1. die steigende Zinsentwicklung: Sie könnte künftig ein Problem für Investitionen darstellen, sollte der extreme Aufwärtstrend anhalten

2. die extreme Defiziterhöhung bei den Kindergärten: Die Betriebskostenzuschüsse gehen durch die Decke und wir haben im Jahr 2023 Mehrkosten von ca. 640.000 € gegenüber 2022 - was ein Gesamt-Defizit in diesem Bereich von 2,19 Mio € bedeutet.

Wie können wir solche Kostensteigerungen künftig noch finanzieren? Wir werden also auch in diesem, wie in den Folgejahren im wahrsten Sinn des Wortes „haushalten“ müssen, um den Spagat zwischen Erfüllung von Pflichtaufgaben und Genehmigungsfähigkeit des Haushalts hinzubekommen.

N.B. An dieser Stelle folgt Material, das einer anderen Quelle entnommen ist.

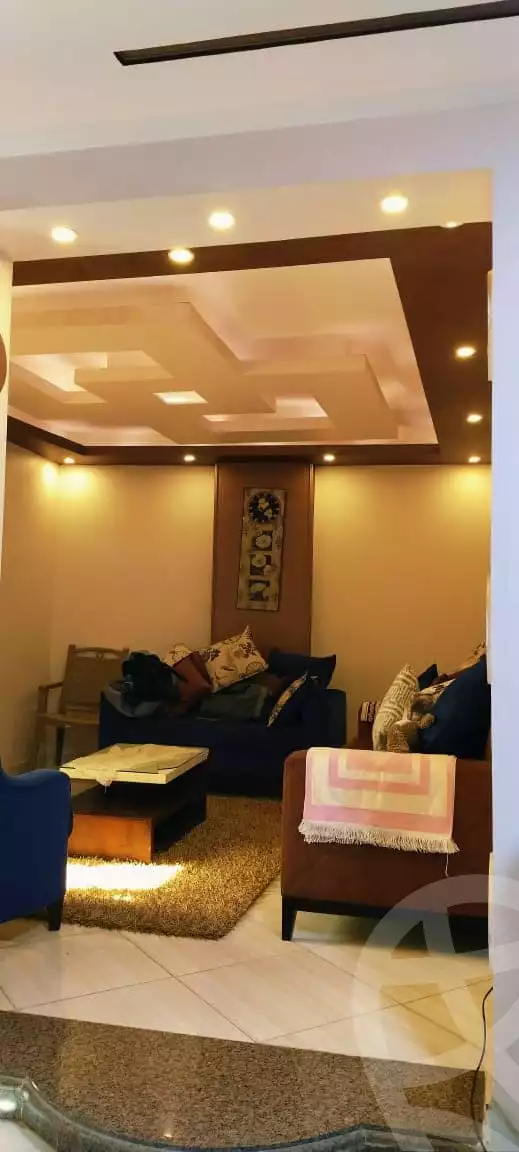 https://aqarmap.com.eg/ar/listing/6171457-for-sale-cairo-el-matarya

Trotz allem werden wir auch in diesem Jahr viel für unsere Stadt bewegen- also lassen sie uns mit einem Lächeln mutig ins neue Jahr starten. Dafür wünsche ich uns allen vor allem Gesundheit, gegenseitiges Vertrauen, eine glückliche Hand – vor allem aber eine friedlichere Zeit.